• **TASK DESCRIPTION**
With the pictures left out, restate exactly the part below that opens with the line containing "ZE6102n_【2026年先行予約】有田の不知火(しらぬひ) 【化粧箱】 12玉（2Lサイズ）まごころ手選別" and closes with the line containing "Musikverein Waldmühlbach e.V.".

--- DATA PROVIDED ---

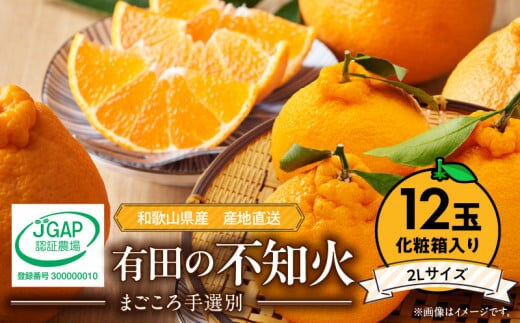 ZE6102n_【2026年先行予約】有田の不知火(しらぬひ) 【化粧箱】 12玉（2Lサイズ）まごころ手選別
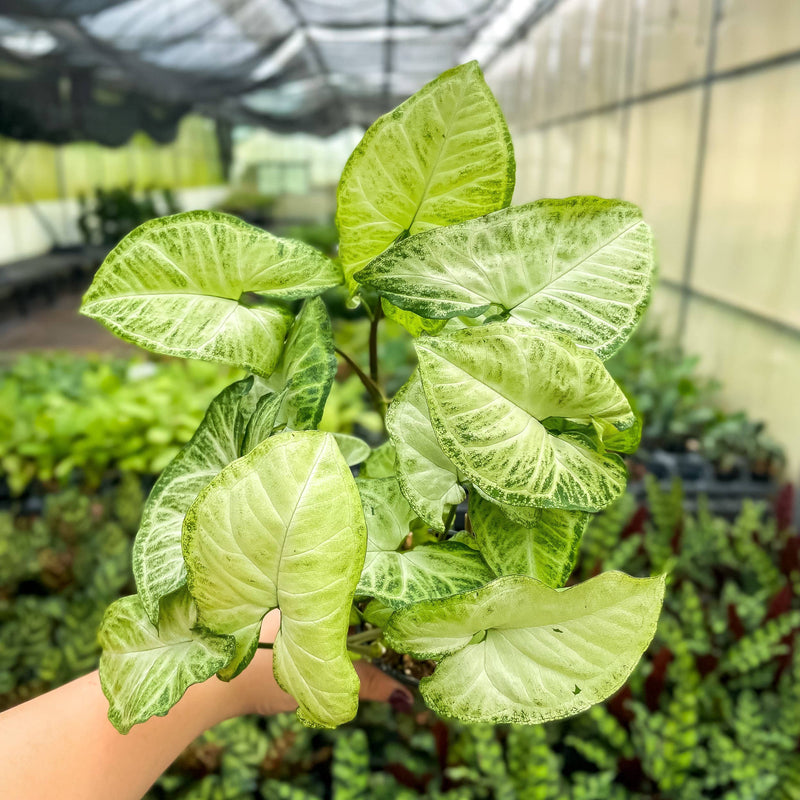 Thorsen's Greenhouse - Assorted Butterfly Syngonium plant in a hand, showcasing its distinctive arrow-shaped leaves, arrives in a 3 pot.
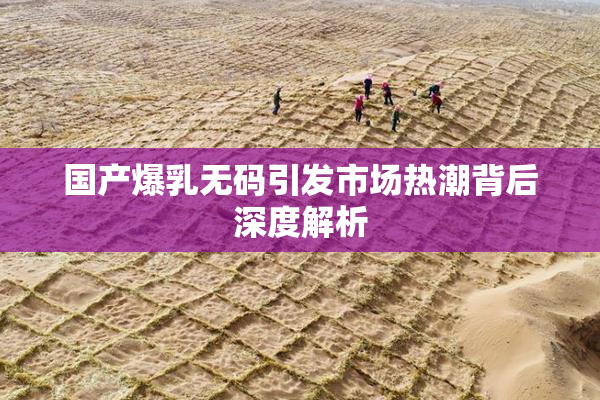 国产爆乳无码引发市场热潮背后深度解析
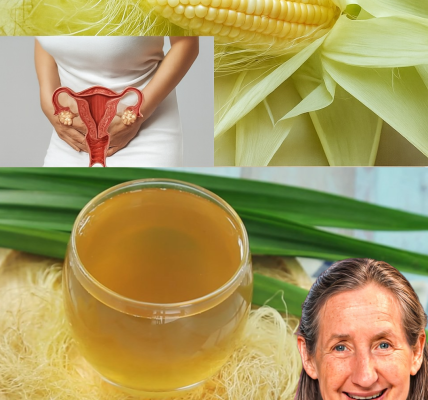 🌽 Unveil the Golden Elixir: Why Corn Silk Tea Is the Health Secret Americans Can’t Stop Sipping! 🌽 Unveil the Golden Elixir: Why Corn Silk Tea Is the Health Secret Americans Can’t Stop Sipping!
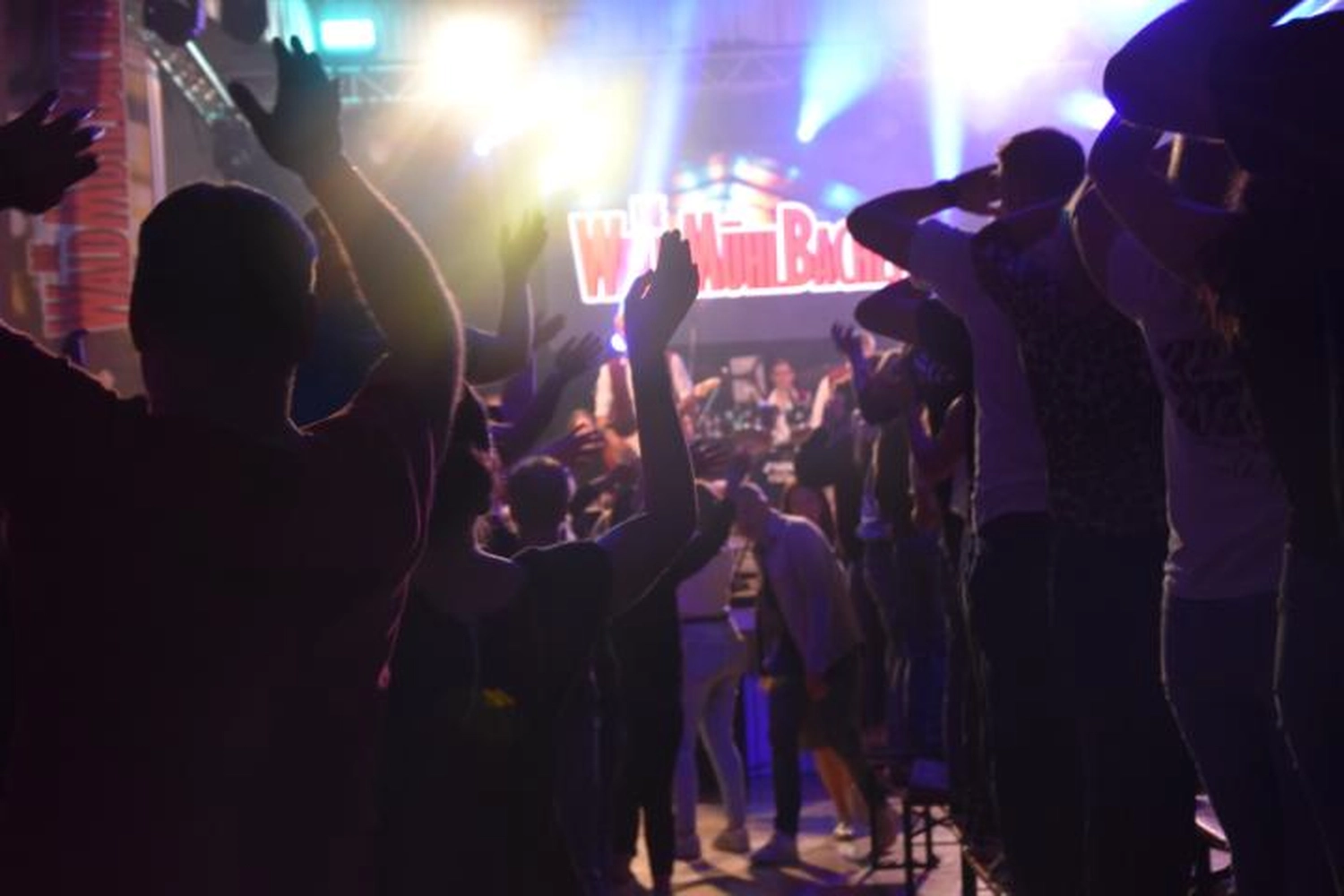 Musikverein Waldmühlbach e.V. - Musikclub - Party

---
--- DATA PROVIDED ---

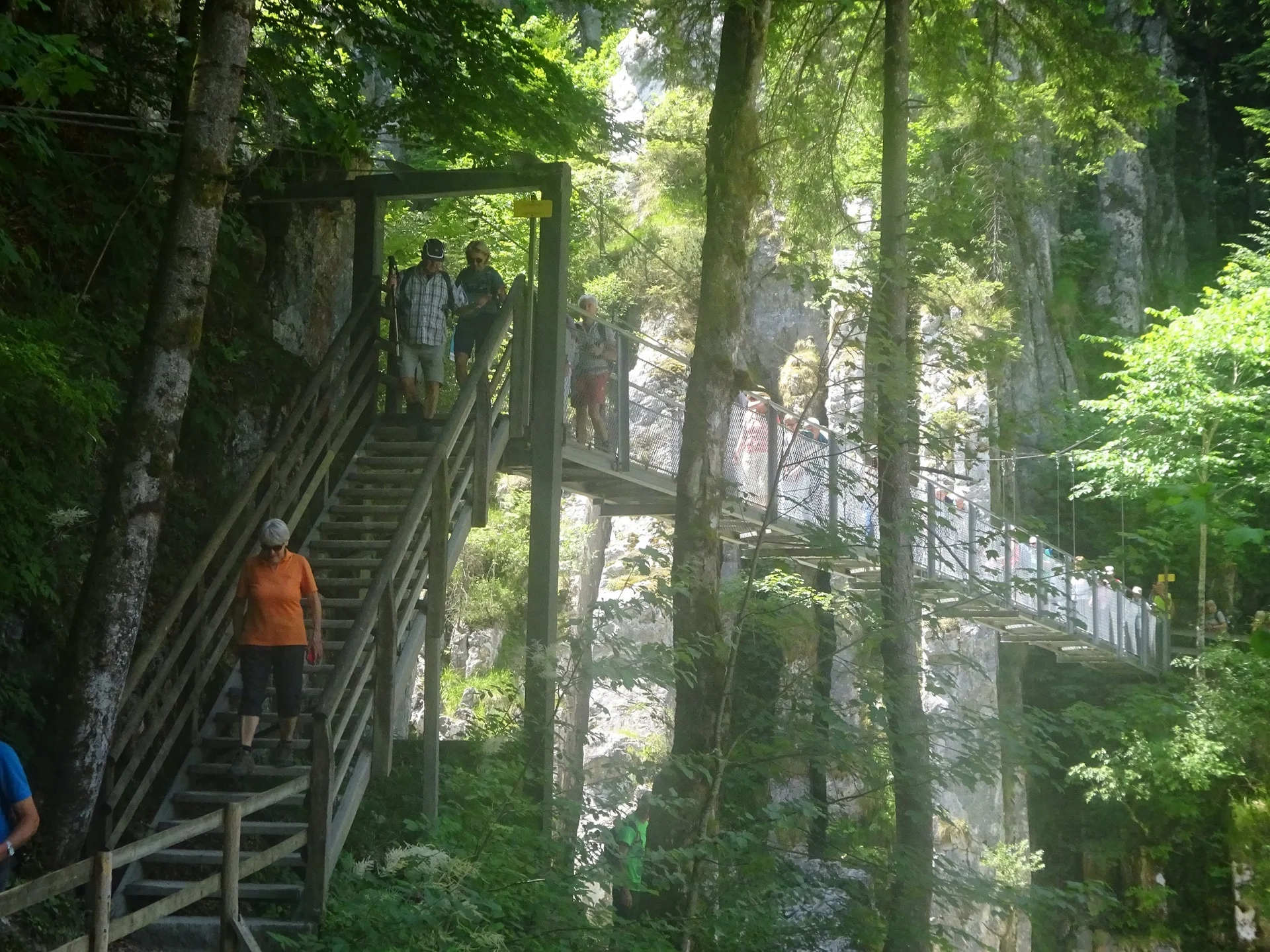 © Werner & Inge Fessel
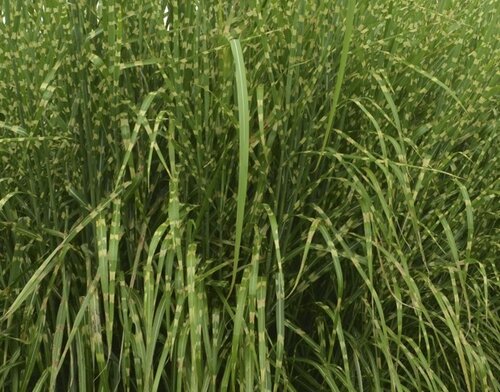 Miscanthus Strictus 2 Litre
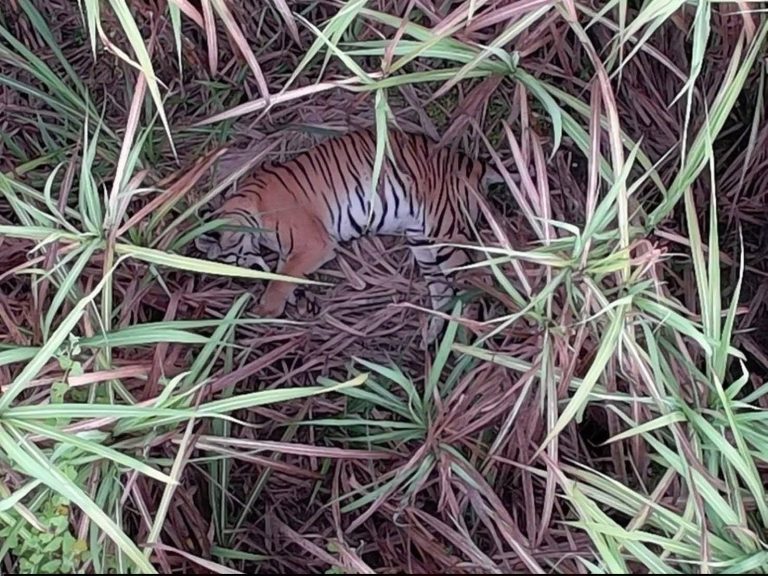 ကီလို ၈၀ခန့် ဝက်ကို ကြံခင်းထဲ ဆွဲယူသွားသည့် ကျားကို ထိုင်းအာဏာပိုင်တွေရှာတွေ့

---
--- DATA PROVIDED ---

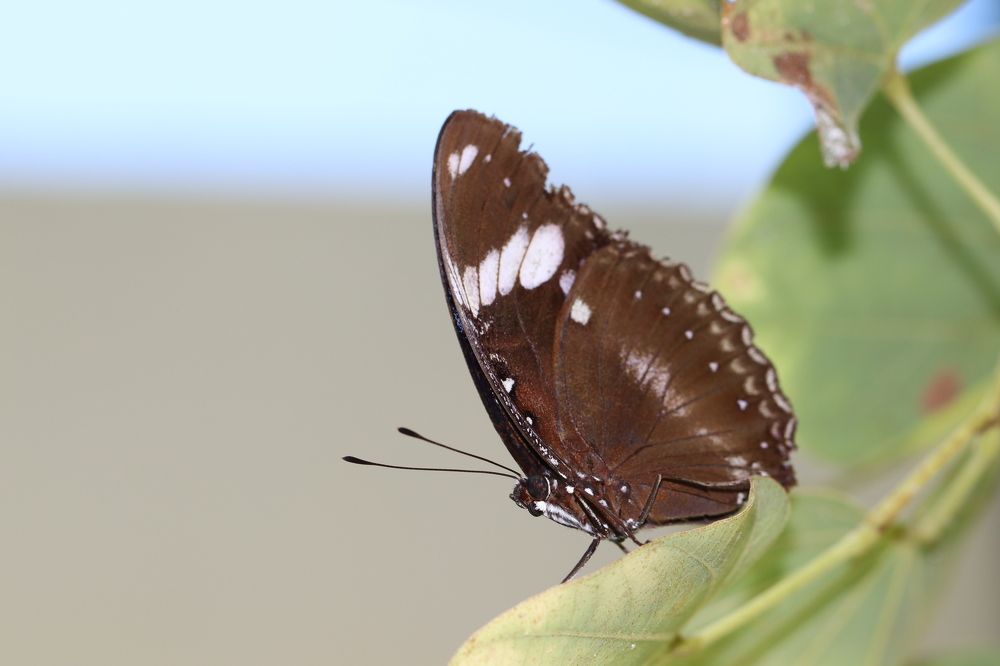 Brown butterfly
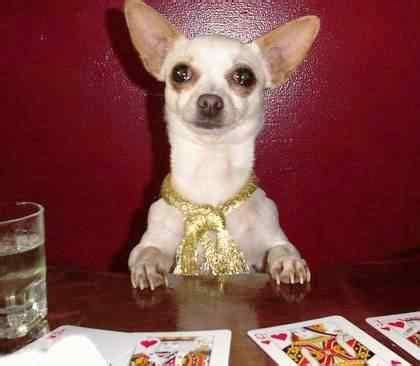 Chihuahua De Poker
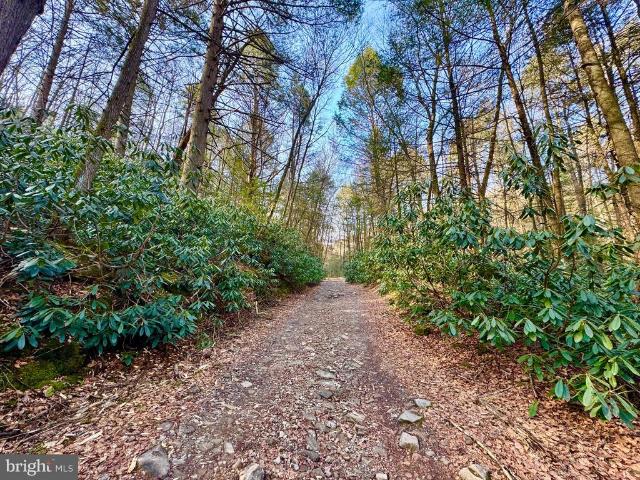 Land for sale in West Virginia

---

• **FINAL ANSWER**
 ZE6102n_【2026年先行予約】有田の不知火(しらぬひ) 【化粧箱】 12玉（2Lサイズ）まごころ手選別
 Thorsen's Greenhouse - Assorted Butterfly Syngonium plant in a hand, showcasing its distinctive arrow-shaped leaves, arrives in a 3 pot.
 国产爆乳无码引发市场热潮背后深度解析
 🌽 Unveil the Golden Elixir: Why Corn Silk Tea Is the Health Secret Americans Can’t Stop Sipping! 🌽 Unveil the Golden Elixir: Why Corn Silk Tea Is the Health Secret Americans Can’t Stop Sipping!
 Musikverein Waldmühlbach e.V. - Musikclub - Party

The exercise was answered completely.